Si hubiera que reconocer a lo largo de la historia quién fue aquel que más dio a conocer al mundo la Alhambra, el ahora emblemático lugar admirado y visitado por millones de personas de todos los rincones de la Tierra, no habría duda alguna: Washington Irving es el hombre indicado. Él fue, y hasta hoy lo sigue siendo, el mejor embajador del fabuloso palacio nazarí, cima del arte andalusí y la joya más preciada de la hermosa ciudad de Granada.

Ahora puede disfrutarse de su recuperada y, donde ha sido preciso, restaurada hermosura, pero cuando él llegó la situación en que se la encontró era muy diferente, pues llevaba algún tiempo bastante abandonada. No lo había estado al comienzo, y durante un largo período, del dominio cristiano. Su primer alcaide y capitán general de aquel antiguo reino, el conde de Tendilla, Íñigo López de Mendoza, hermano del Gran Cardenal y vástago de aquel poderoso linaje nobiliario alcarreño, la preservó y cuidó con esmero, estableciendo en ella su residencia. El emperador Carlos y, sobre todo, su bella esposa Isabel de Portugal también la apreciaron. Aunque el rey se hizo construir un palacio renacentista, respetó tanto la fortaleza como la zona musulmana y los jardines del Generalife. 

Pero tres siglos después y la invasión francesa la habían dejado maltrecha. De hecho, estuvo a punto de ser volada. El mariscal Soult, famoso por haber saqueado multitud de obras de arte en Sevilla y cerca de un centenar de cuadros de Zurbarán, Murillo, Alonso Cano, Ribera y otros grandes pintores, ordenó dinamitarla al retirarse el 17 de septiembre de 1812. Las explosiones de sus barriles de pólvora amontonados destrozaron la Torre de los Siete Suelos, la Torre del Agua y la del Cabo de la Carrera pero la heroicidad de un soldado español, José García, un cabo invalido, cojo y manco a resultas de la batalla de Bailén, consiguió apagar la mecha.

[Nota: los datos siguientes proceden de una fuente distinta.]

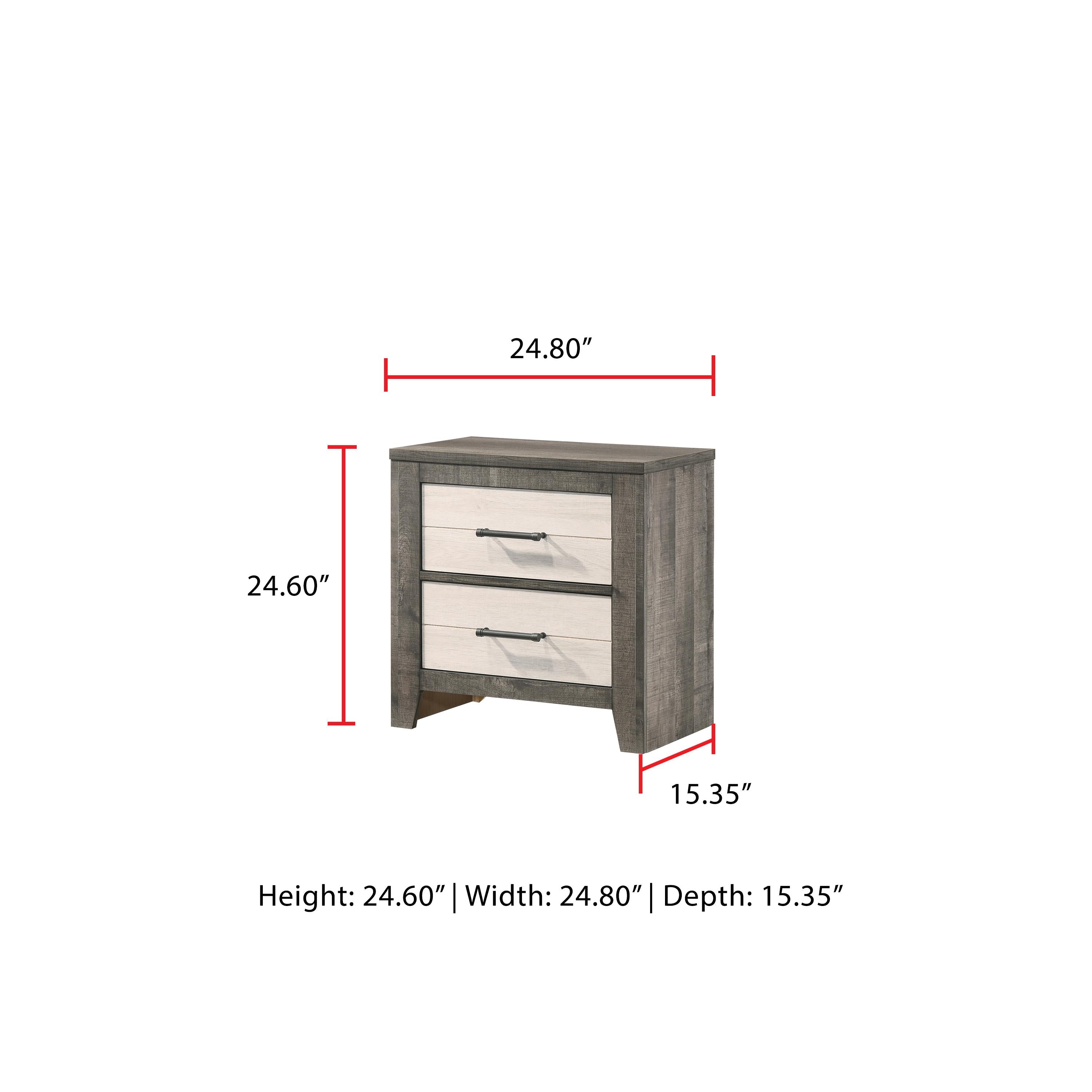 Crown Mark Rhett B8170-2 Nightstand - Image 3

Cuando Irving llegó allí, en abril de 1829, tras haber presenciado las procesiones de la Semana Santa sevillana, la halló en un deplorable estado, convertida en vivienda de gentes que habían encontrado allí techo y en refugio de mendigos. 

Sin embargo, observó que todavía se conservaban unas estancias que estaban destinadas a la residencia del gobernador, pero este vivía en la ciudad y no las utilizaba. Washington, que iba acompañado de un príncipe ruso, Dimitri Ivanovich Dolgorukov, también un apasionado viajero con quien había trabado amistad, le pidió permiso para aposentarse en ellas, lo que les concedió gustoso. Como el lugar carecía de mobiliario, les recomendó además que se pusieran en contacto con una señora que trabajaba en la fortaleza, en la cual vivía con toda su familia y que, en efecto y muy a la española, en nada les proveyó de todo lo necesario. 

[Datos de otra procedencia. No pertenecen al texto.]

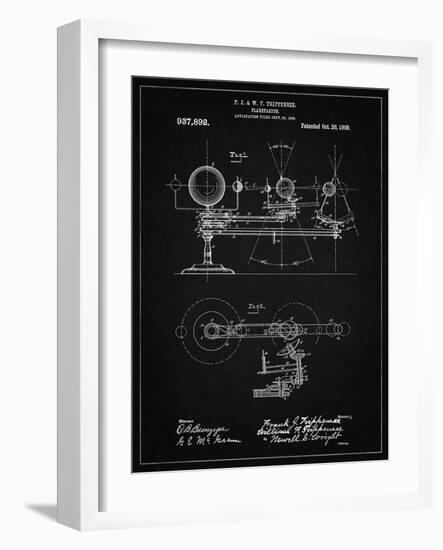 PP988-Vintage Black Planetarium 1909 Patent Poster-Cole Borders-Framed Giclee Print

Al poco se unió a ellos otro Irving, un sobrino, que servía en la marina inglesa y estaba destinado en Gibraltar. A mediados de mayo, el ruso y su sobrino tuvieron que marcharse. Irving, feliz allí, aguantó durante todo el tiempo que pudo. Había entablado gran amistad con el duque de Gor, un importante aristócrata que tenía una interesante biblioteca y que le consiguió un permiso para consultar la librería jesuita de la universidad. No tenía intención alguna de marcharse, pero al final tuvo que hacerlo.

En junio fue nombrado secretario de la Embajada de EEUU, noticia que recibió con pesar: «Cómo lamento no poder permanecer aquí más tiempo. Con todos los éxtasis que produce Granada, uno apenas conoce sus verdaderos encantos», escribió. Aún resistiría allí hasta el 28 de julio, cuando ya no le quedó más remedio que partir hacia su nuevo destino. Antes se había mostrado dolido: «Dentro de unos días abandonaré la Alhambra, aunque me iré con gran pesar. Nunca tuve ni tendré una morada igual». Al día siguiente de marcharse volvería a hacerlo. «Nunca encontraré una morada tan de mi agrado, ni que se adapte tanto a mis gustos y costumbres».

 Llevaría ya por siempre a Granada y la Alhambra en su corazón y, de inmediato, comenzaría a recopilar lo que había ya escrito y añadir a ellos nuevos textos que no tardó en publicar y a los que seguiría dando vueltas muchos años, hasta que en 1851 diera a la luz el definitivo, los 41 relatos que componen su renombrado Cuentos de la Alhambra, que si no han leído no sé a qué están esperando. Al igual que si no han estado en el lugar no deben tardar de hacerlo.

Y no solo escribió ese tomo, sino que también aprovechó su estancia para componer otro volumen. En esta ocasión fue un ensayo histórico, pues al encontrarse con que su admirado Colón había estado durante la campaña final de los Reyes Católicos, que completaría con su toma la Reconquista, no dudó en ponerse a ello y dar a luz a otro libro, Crónica de la conquista de Granada, al que más adelante añadió otro más: Leyendas de la conquista de España. Crónicas moriscas.

Regreso

En Londres no duró demasiado y dos años después y tras 17 de ausencia, volvió a Estados Unidos. Lo primero que hizo fue (¿cómo no?) un recorrido, el país daba para muchos, que tituló Viaje a las praderas, el primero escrito en y de su tierra natal desde Una historia de Nueva York de 1809. El éxito siguió acompañándole y parecía que esta vez él estaba dispuesto a quedarse por mucho tiempo, pero el destino lo iba a devolver pronto a España. Ocurrió en 1842 y esta vez lo hacía ya nada menos que como embajador de su país, que comenzaba a emerger como potencia ante la Corte de Isabel II, en aquel momento una niña de 12 años y el entonces regente, el general Espartero. 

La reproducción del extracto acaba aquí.